Because the effects of MA were greatest in the reversal phase of the stable PRL schedule, we restricted our analysis to the computational parameters obtained from the choices made during the reversal phase using repeated measures MANOVA. Similar to the results in the variable PRL, the Δ2 parameter was significantly higher in rats exposed to MA compared with those exposed to saline (F1, 13=6.46; p=0.02; Figure 3f), providing additional evidence that the utilization of negative outcomes was disrupted following exposure to MA. Although the other parameter estimates were not significantly different between the experimental groups (γ: F1, 13=0.51; p=0.49; Δ1: F1, 13=1.24; p=0.29) they were in a direction similar to that in the variable PRL task (eg, MA-exposed rats had higher γ and lower Δ1 parameter compared with saline-exposed rats).
Pharmacological Manipulations
The probability that rats would choose the highest reinforced option in the acquisition phase was compared with that during the reversal phase following administration of vehicle or sulpiride. There was a significant interaction between task phase and drug condition (F1, 10=6.61; p=0.02; Figure 4a). Sulpiride did not alter performance of rats in the acquisition phase (F1, 10=0.01; p=0.91) but decreased performance in the reversal phase (F1, 10=9.69; p=0.01). This decrease in reversal performance was because of an increase in both perseverative and intermediate responding (drug: F1, 18=7.74; p=0.01; drug-by-error type: F1, 18=0.36; p=0.55; Figure 4b). Trial-by-trial analysis of choice based on previous trial outcome indicated that administration of sulpiride increased the probability that rats would persist with the same choice following an unrewarded trial (F1, 10=6.32; p=0.03), but did not affect the probability of persisting with the same response following a rewarded trial (F1, 10=0.14; p=0.72; Figure 4c). A repeated measures MANOVA of the free parameter estimates of choices made during the reversal phase indicated that the γ and Δ2 parameters increased following administration of sulpiride, compared with saline (γ: F1, 9=8.15; p=0.01; Δ2: F1, 9=5.26; p=0.04), similar to increase we observed in rat exposed to MA, and that there was a trend-level decrease in the Δ1 parameter (F1, 9=4.58; p=0.06; Figure 4d) akin to that observed after MA exposure.

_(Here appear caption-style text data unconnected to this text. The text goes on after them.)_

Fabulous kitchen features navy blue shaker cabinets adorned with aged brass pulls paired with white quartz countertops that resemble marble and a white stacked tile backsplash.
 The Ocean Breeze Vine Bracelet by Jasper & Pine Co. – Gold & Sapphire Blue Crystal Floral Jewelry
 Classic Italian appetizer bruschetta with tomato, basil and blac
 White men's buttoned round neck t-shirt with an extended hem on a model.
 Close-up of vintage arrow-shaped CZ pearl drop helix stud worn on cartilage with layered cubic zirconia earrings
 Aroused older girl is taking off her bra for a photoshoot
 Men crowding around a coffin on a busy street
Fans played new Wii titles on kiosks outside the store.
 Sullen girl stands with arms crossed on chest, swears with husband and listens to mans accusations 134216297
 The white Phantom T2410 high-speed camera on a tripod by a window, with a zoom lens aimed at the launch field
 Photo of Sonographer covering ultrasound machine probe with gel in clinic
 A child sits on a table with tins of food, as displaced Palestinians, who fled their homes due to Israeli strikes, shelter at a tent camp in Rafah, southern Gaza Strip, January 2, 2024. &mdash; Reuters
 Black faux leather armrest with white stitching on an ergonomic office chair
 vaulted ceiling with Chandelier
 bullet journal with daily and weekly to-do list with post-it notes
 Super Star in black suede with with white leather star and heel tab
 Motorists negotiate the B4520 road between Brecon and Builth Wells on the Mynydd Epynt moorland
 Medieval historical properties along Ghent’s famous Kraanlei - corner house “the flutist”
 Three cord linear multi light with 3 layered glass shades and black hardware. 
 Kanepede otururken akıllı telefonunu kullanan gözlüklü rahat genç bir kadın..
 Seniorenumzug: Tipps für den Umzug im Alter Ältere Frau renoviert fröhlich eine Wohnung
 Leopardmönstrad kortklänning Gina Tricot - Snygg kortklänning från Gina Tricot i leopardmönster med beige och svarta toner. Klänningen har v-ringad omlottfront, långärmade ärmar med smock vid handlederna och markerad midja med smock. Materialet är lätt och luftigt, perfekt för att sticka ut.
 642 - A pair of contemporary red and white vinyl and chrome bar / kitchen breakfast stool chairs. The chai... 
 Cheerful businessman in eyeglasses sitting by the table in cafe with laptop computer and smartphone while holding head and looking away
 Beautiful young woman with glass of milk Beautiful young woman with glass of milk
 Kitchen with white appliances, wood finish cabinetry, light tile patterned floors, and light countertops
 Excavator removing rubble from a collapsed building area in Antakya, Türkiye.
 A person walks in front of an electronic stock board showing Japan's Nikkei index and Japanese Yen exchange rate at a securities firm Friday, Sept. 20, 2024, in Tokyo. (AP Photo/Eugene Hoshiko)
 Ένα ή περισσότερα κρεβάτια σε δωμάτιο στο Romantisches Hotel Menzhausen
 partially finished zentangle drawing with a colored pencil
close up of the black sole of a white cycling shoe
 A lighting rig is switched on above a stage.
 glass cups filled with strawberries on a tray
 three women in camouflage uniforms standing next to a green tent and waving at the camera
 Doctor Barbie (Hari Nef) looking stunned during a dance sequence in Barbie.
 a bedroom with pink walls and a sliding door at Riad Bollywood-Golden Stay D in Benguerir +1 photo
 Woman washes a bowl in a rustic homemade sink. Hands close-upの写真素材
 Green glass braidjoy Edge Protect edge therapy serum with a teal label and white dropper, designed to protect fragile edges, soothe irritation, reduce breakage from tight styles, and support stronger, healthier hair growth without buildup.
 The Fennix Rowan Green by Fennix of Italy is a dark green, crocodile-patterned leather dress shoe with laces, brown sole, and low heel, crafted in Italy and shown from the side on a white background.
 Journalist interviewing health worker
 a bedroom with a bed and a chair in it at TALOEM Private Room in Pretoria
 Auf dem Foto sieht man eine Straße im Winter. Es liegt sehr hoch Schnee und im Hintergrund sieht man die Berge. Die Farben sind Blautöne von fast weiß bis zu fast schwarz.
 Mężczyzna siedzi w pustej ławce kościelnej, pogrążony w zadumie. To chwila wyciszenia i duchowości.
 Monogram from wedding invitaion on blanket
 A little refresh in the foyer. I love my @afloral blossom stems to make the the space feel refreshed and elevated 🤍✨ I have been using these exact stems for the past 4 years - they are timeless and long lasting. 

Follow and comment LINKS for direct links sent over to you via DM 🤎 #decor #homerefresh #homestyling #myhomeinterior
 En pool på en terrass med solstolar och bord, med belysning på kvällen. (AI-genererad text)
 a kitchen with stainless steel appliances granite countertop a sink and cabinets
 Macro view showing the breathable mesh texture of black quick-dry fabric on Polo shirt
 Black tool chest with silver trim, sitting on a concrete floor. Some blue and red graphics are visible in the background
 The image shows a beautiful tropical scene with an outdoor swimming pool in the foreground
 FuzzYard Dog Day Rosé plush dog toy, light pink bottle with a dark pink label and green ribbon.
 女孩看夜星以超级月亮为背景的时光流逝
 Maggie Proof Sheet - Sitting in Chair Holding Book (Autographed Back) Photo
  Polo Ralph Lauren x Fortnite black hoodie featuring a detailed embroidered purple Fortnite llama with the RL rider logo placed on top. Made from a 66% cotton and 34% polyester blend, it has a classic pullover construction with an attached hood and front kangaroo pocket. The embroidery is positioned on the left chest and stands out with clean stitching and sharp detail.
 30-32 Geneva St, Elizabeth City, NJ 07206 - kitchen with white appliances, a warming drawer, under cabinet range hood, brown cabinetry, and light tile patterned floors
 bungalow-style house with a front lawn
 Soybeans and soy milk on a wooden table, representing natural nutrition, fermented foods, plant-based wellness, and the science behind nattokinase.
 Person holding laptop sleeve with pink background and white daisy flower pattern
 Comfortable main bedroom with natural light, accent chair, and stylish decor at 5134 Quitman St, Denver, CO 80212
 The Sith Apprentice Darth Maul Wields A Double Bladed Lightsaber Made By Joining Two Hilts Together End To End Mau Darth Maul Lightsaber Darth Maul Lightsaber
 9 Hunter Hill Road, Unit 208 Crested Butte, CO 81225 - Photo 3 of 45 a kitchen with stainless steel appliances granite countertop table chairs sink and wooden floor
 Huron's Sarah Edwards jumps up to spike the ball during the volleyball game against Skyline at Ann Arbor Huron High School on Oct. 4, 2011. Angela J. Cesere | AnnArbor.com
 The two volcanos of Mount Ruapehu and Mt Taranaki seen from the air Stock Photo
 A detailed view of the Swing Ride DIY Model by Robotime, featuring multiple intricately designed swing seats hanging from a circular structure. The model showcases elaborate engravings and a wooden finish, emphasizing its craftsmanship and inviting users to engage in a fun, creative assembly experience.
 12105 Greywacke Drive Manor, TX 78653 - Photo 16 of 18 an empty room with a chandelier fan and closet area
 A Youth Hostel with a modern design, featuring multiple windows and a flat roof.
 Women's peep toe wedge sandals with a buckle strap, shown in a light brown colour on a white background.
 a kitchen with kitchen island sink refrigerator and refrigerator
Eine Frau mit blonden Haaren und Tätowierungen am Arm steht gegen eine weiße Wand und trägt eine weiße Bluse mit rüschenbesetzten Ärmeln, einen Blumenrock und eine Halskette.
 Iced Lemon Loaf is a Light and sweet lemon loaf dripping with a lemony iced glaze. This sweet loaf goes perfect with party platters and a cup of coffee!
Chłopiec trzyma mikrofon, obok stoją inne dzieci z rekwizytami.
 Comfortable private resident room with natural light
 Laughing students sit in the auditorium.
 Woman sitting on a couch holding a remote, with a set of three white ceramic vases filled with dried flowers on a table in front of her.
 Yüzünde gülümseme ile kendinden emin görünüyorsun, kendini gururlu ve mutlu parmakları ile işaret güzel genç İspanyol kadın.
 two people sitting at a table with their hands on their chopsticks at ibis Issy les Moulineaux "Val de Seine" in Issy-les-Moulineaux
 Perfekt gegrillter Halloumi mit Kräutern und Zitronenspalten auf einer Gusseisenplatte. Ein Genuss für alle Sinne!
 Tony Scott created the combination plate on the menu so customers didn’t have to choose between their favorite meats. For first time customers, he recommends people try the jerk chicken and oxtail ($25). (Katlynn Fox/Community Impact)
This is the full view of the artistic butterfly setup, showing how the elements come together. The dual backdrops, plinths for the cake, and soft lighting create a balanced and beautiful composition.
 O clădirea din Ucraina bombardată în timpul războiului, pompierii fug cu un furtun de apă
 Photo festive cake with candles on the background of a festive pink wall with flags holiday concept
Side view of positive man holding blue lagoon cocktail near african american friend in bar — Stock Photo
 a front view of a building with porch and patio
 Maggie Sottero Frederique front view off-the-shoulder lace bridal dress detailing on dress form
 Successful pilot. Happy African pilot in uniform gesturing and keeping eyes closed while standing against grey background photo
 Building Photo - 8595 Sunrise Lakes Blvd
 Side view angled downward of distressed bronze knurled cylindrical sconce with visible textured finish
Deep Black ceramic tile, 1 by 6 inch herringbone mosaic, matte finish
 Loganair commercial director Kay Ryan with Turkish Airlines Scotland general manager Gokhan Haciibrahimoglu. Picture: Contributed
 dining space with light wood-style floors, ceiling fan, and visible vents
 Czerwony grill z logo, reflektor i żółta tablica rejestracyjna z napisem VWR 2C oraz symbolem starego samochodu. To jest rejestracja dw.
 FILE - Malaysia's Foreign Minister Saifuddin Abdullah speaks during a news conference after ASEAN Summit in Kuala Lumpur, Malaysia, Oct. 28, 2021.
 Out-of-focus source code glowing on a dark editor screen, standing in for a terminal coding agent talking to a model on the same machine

Administration of SCH23390 reduced the number of trials rats completed, compared with saline (t(10)=2.53; p=0.03; data not shown), and two rats were excluded from the analysis for failing to complete enough trials to experience a reversal. Administration of SCH23390 did not alter the probability that rats would choose the highest reinforced noseport across the task phases (F1, 8=2.87; p=0.13; Figure 4e) and did not alter the types of error rats made (drug: F1, 16=0.65; p=0.43; Figure 4f) or the influence of rewarded (F1, 8=0.002; p=0.96) or unrewarded trials (F1, 8=0.006; p=0.94; Figure 4g) on subsequent choices. Similarly, there was no effect of SCH23390 on the free parameters derived from choices made during the reversal phase (γ: F1, 8=0.78; p=0.40; Δ1: F1, 8=0.55; p=0.48; Δ2: F1, 8=2.53; p=0.15; Figure 4h).
Discussion
We provide novel insights into the mechanisms of maladaptive value-based decision making caused by exposure to MA. By combining translationally analogous behavioral tasks in rats with computational analytic tools and pharmacology we demonstrate that exposure to an escalating dose regimen of MA produces aberrant encoding of choice-outcome behavior on future decisions, and may do so by diminishing dopamine D2/3 receptor signaling. Our results have important implications for understanding the pathophysiology of addiction and are the first to employ both linear regression and formal algorithmic behavioral analyses to psychostimulant-exposed rats.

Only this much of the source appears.